Drużynę prowadzi były ich zawodnik ( 261 meczów i 31 bramek ) Paul Werner. Po zakończeniu zawodniczej kariery zajął się trenerka jak sporo część piłkarzy. Drużynę Rotherham przejął pod koniec listopada 2016 roku. Blisko 40% meczów jego podopieczni zakończyli zwycięstwem.
Najważniejszy cel dla ekipy Rotherham to utrzymanie się na zapleczu Championship. Jak na razie dobrze im to wychodzi.
Kadra zespołu dla większości fanów Aston Villi jest anonimowa. Najbardziej znany zawodnik to Billy Jones ( poprzednio grał w Sunderlandzie ). Warto wspomnieć o słowackim bramkarzu Marku Rodak.
22-letni wychowanek FC Kosice od 2013 roku gra w Fulham. Słowak co sezon był wypożyczany. Ubiegły sezon spędził w Rotherham i na ten sezon również stanowi ważne ogniwo drużyny.

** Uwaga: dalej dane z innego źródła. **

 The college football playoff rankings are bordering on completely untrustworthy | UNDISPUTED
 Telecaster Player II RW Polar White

Rotherham bardzo skuteczne jest w meczach na własnym stadionie 3 zwycięstwa i porażka to dotychczasowy dorobek. W wyjazdach są 3 porażki.

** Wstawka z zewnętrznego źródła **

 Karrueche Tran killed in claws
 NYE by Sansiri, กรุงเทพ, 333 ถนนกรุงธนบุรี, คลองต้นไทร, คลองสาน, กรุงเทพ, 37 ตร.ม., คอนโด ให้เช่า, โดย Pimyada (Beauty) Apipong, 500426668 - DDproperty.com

Co pokażą podopieczni Steva dzisiaj? Z całym szacunkiem dla Anglika ale nie ma pomysłu na nasza drużynę. 3 sezon, do dyspozycji gruba ciekawych zawodników a ciągle brak pozytywów.
Mecz o 20:45 na Villa Park.
Dobrze, ze są 3 pkt. bo ci jak się zatną, to potrafią je tracić seriami, nawet z najgorszym ligowym dziadostwem.

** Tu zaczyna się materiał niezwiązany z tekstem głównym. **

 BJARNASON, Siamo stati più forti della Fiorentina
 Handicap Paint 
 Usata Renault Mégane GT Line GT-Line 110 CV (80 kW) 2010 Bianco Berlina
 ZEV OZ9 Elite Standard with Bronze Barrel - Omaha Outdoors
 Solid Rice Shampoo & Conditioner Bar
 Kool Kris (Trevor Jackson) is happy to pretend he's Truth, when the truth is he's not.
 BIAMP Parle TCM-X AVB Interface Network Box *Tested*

Co do bramki, to jednak szkoda, że nie pomyśleli o choćby wypożyczeniu Boruca, którego po kupnie Begovicia wykopano w B. na ławkę. To jest wciąż dobry poziom sportowy, a przy tym charyzma, posłuch w drużynie, no i gdzie poszedł, tam zawsze wyniki szły w górę. To byłoby dobre rozwiązanie na trudne czasy w Ch-ship.
A my czekamy aż Dyche'a wywalą z Burnley, żeby go za friko przejąć
W tej chwili chyba najlepsze zestawienie. Mieszane uczucia wobec Jedi, ale patrzę bardziej na ofensywę. Tam mamy moc ubić z 5 goli więc jak stracimy 2-3 nic się nie stanie...
Ale na ławce SB, więc będzie 90 minut mordęgi i szukanie szansy w pierdylionie wrzutek.